Baba Herman, oldukça akıllı, yetenekli, kendine güvenen ve baskın karakterli bir babadır. Franz Kafka kalabalık bir aile içinde büyümüştür. Bu yüzden de babasının kendisiyle olan ilişkisini, kız kardeşleriyle olan ilişkisiyle ve yer yer de erkek kardeşleriyle olan ilişkisiyle kıyaslar.
Yazar, çocukluk yıllarındaki sessizliği, çekimserliği için babasını suçlar. Büyür ve yine yalnızlığı, sessizliği, beceriksizliği için babasını suçlar. Tüm bunların belki biraz baba sevgisi, şefkati ve desteği hissetmiş olsaydı daha az olacağını iddia eder.
Annesinin kendisine sonsuz bir iyilik, sabır ve sevgiyle yaklaştığını da anlatır. Ve çok arada kaldığını dile getirir.
"Annemin aile içindeki konumunun ne kadar eziyetli ve son derece yıpratıcı olduğunu hiç akıldan çıkarmamak gerekir..."
(S.26)
Kinayeli biçimde; işlerinde, çalışmalarına ve seçimlerinde babası gibi başarılı olamadığını dile getirmiştir. Burada gizli hayranlık olduğunu da seziyorsunuz. Bu başarısızlığını babasıyla ilişkili olduğunu dile getiriyor. Çünkü babasından sevgi ve şefkat görmediği gibi hiçbir zaman destek de görmemiştir. Aynı şekilde evlilik düşüncesini, bu konuda başarısızlıklarını da yazıya dökmüş.

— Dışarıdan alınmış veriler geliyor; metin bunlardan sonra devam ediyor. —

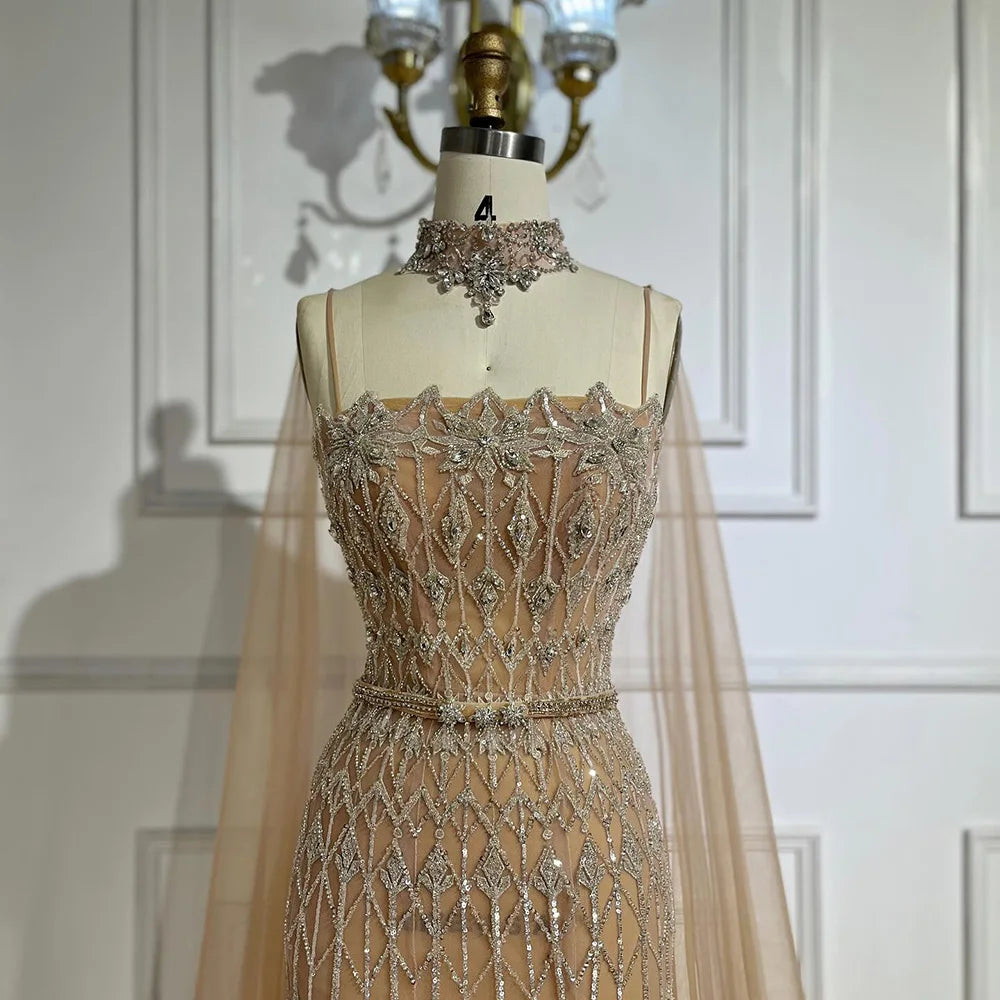 Vestido de noche de sirena con tirantes finos y cuentas color nude, con capa larga para ocasiones formales LA72711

"Senin bile evlilik içinde ağır savaşlar verdiğini, hatta çocuklarına karşı başarısız olduğunu görürken evliliğe mi cesaret edecektim?"
(S.54)
Herman Kafka genel olarak her şeye karşı olan, her şeyi küçümseyen bir adamdır. Oğlunun zevkleri, fikirleri, görünüşü, yazması, konuşması, okulu, işi, edindiği arkadaşları babası tarafından hiçbir zaman onaylanmaz hatta aksine her zaman eleştirilir. Bu eleştiriler yazarın hayatı boyunca özgüvensiz olmasına, bir meslek, bir arkadaş, bir eş edinmekte zorlanmasına sebep olur. Her zaman bitmek bilmeyen bir suçluluk duygusuyla büyüyen yazar, hayatının her alanında bu suçluluk duygusunu ve kararsızlığı, karamsarlığı, güvensizliği atamaz. Böylece ailesine, kendisine, çevresine yabancılaşmıştır...
Kâğıtla dertleşirken ne kadar zorlanmıştır kim bilir. Bunları yazıya dökmek zor, bir o kadar da rahatlacı. İnsanı etkileyen senin gömmüş olduğun duyguları, yüzeye çıkarması. Okurken umuyorum ki babanızdan bir pay bulmazsınız...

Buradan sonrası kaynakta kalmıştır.